The corrective specification is a peroxide-cured HNBR compound with appropriate ACN content to maintain oil resistance. Two properties drive the upgrade:

  • Saturated backbone resists H₂S-induced chain scission that attacks NBR's unsaturated sites
  • Peroxide crosslinks deliver lower compression set at operating temperature, maintaining sealing force throughout the intervention

On re-run, production testing confirmed a successful set with sustained seal integrity.
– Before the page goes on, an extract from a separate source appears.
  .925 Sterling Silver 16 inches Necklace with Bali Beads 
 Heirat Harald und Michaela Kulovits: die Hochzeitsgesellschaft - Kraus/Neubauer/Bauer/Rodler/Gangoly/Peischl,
When H₂S is present above 120°C, NBR failure costs—rig time, re-run, lost production—exceed the HNBR price difference before the element has been downhole 24 hours. For interventions adding amine chemistry or steam injection, the same cost logic applies to the step up from HNBR to AFLAS.


Conclusion

No single material wins across all well intervention scenarios. The decision hierarchy is clear:

  • NBR for low-risk, low-temperature, non-sour workover where cost is the primary constraint
  • HNBR for the practical majority of sour service and HPHT workover operations—it covers more of the real intervention envelope than any other mid-range material
  • AFLAS when amine chemistry, steam, or extreme brine exposure disqualifies both NBR and standard fluoroelastomers

The downstream consequences of getting this wrong are not abstract. Compression set drives long-term seal reliability. RGD resistance determines whether the element survives rapid depressurization during well control or production testing. Chemical compatibility determines whether the element reaches its rated service life or degrades within hours of fluid contact.

Each of those failure modes adds NPT, fishing risk, and well integrity exposure that compounds across the intervention lifecycle.

Match the material to the specific well conditions. When the selection requires custom compounding or material validation against non-standard fluid exposure, DSC's ISO 17025 accredited lab provides the testing infrastructure to confirm compatibility before the element goes downhole.


Frequently Asked Questions

What common materials are used for seals and packing in oil and gas, and why?

The most common downhole packer element materials are NBR, HNBR, FKM, AFLAS (FEPM), and FFKM. Selection depends on temperature rating, chemical resistance to H₂S and CO₂, fluid compatibility, and cost — no single material covers all scenarios.

Is FKM better than NBR?

FKM offers significantly higher temperature resistance and broader chemical resistance than NBR, making it the better choice for HPHT applications. However, it has real limitations in amine-rich environments — that's where AFLAS outperforms both.

What are the components of a production packer?

A production packer consists of rubber sealing element(s), a metallic mandrel, slips for anchoring against the casing, anti-extrusion backup rings, and a setting mechanism—hydraulic piston, mechanical dogs, or wireline-initiated. The rubber element is the primary sealing component, and its material selection governs the packer's chemical and thermal performance limits.

Where does the seal element on a liner top packer seal?

The seal element on a liner top packer seals against the inside diameter of the casing above the liner hanger, creating an annular hydraulic barrier between the casing and liner. This prevents fluid migration from the formation into the annulus above the liner top during and after cementing.

When should HNBR be chosen over AFLAS for well intervention packer elements?

HNBR is the right call when temperatures stay below 150°C and the well involves no amines, steam, or high-density bromide brines. In those conditions, its superior abrasion resistance, NORSOK M-710 sour gas qualification, and lower cost (2–4× vs. 5–10× the NBR baseline) make it the practical default.